Election Reform
Showing Original Post only (View all)My Testimony Against Washington State SB 5291 and SB 5317 [View all]
I currently reside in the 34th legislative district, and I advocate that the state legislature refuse to consider SB 5291 and SB 5317.
These bills amend RCW 29A.40.091 to mandate that ballots must be returned by Election Day, and deleting language that currently allows ballots to be postmarked by Election Day. This change will disenfranchise voters, which is an inherently undemocratic process. No voter should be penalized because they were unable to determine how long it would take for their ballot to arrive on time given this unpredictability of the Post Office. In addition, SB 5317 recommends electronic signature validation, a method that has already been rejected as insufficiently accurate by King County Elections.
Since all mail-in voting was instituted in Washington State, we have been subjected to a barrage of propaganda, the main point of which is that we no longer get election results fast enough, and Oregon gets their results much faster because they require that ballots be returned by Election Day. This premise is utter nonsense.1
In 2012, Oregon's largest county, Multnomah, recorded 55 percent turnout on the Monday before the electioncomparable to King County's 52 percent, Kitsap County's 58 percent, Pierce County's 57 percent, and so on. In both states, about 70 percent of ballots cast are received by the day before the election. The difference is that Oregon receives the remainder of its ballots by Election Day, while 98 percent of Washington's ballots are received by the day after.

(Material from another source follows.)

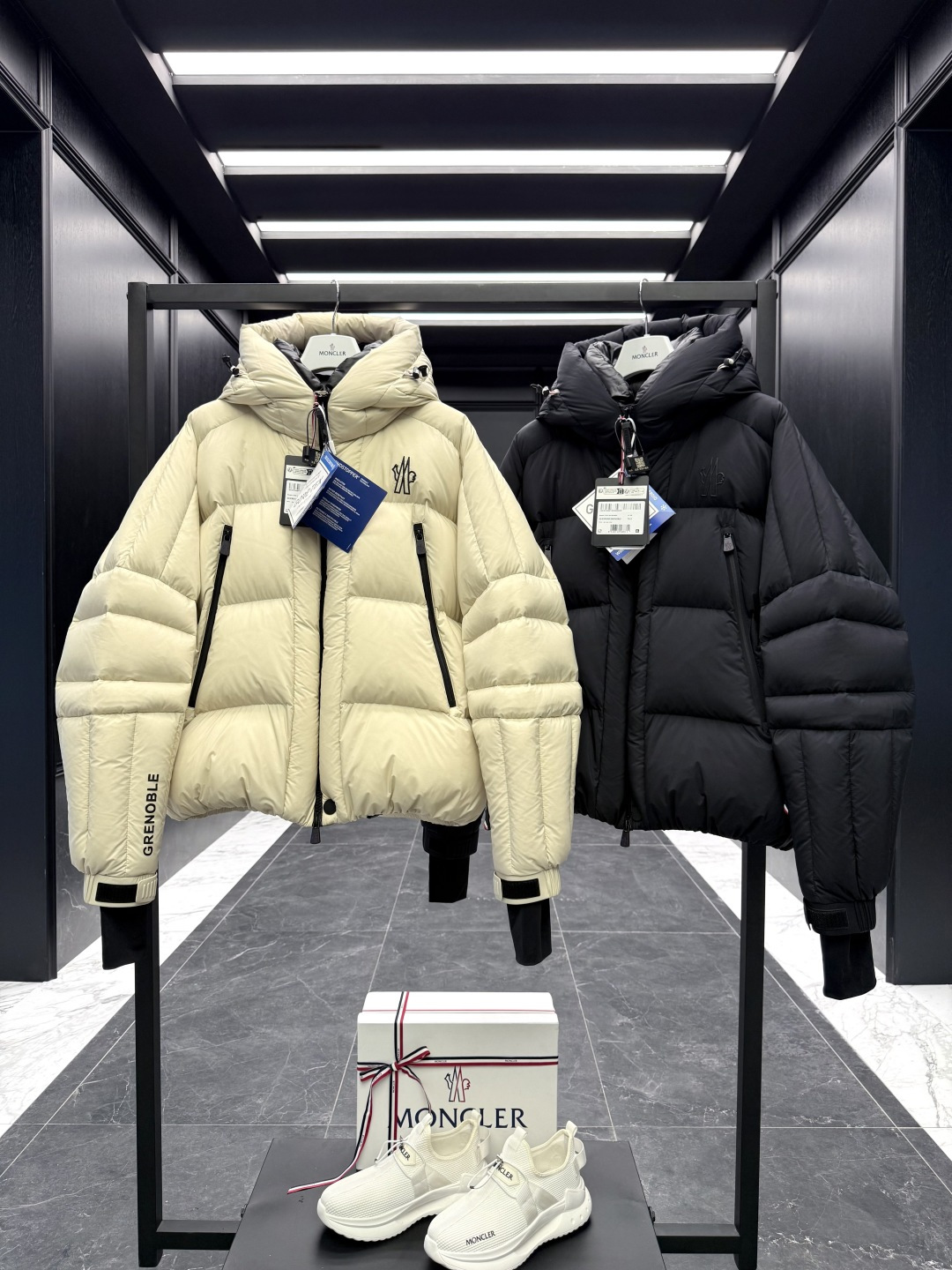 Moncler Jacket M-l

In the larger counties in both states, elections departments are well behind in the process of validating signatures on Election Day, so the issue of when the other 30% of the ballots come in on Election Day or the day after is totally irrelevant. Oregon does do more frequent reporting after the polls close, but that is because they pay their elections workers a lot of overtime to keep working through the night.. Both King and Multnomah tallied about 60 percent of ballots cast shortly after the polls closed Tuesday night and reported the results. This percentage is sufficient to call all but the closest elections. But Multnomah released seven additional reports after that, the latest one occurring at additional returns at about 5am the next day.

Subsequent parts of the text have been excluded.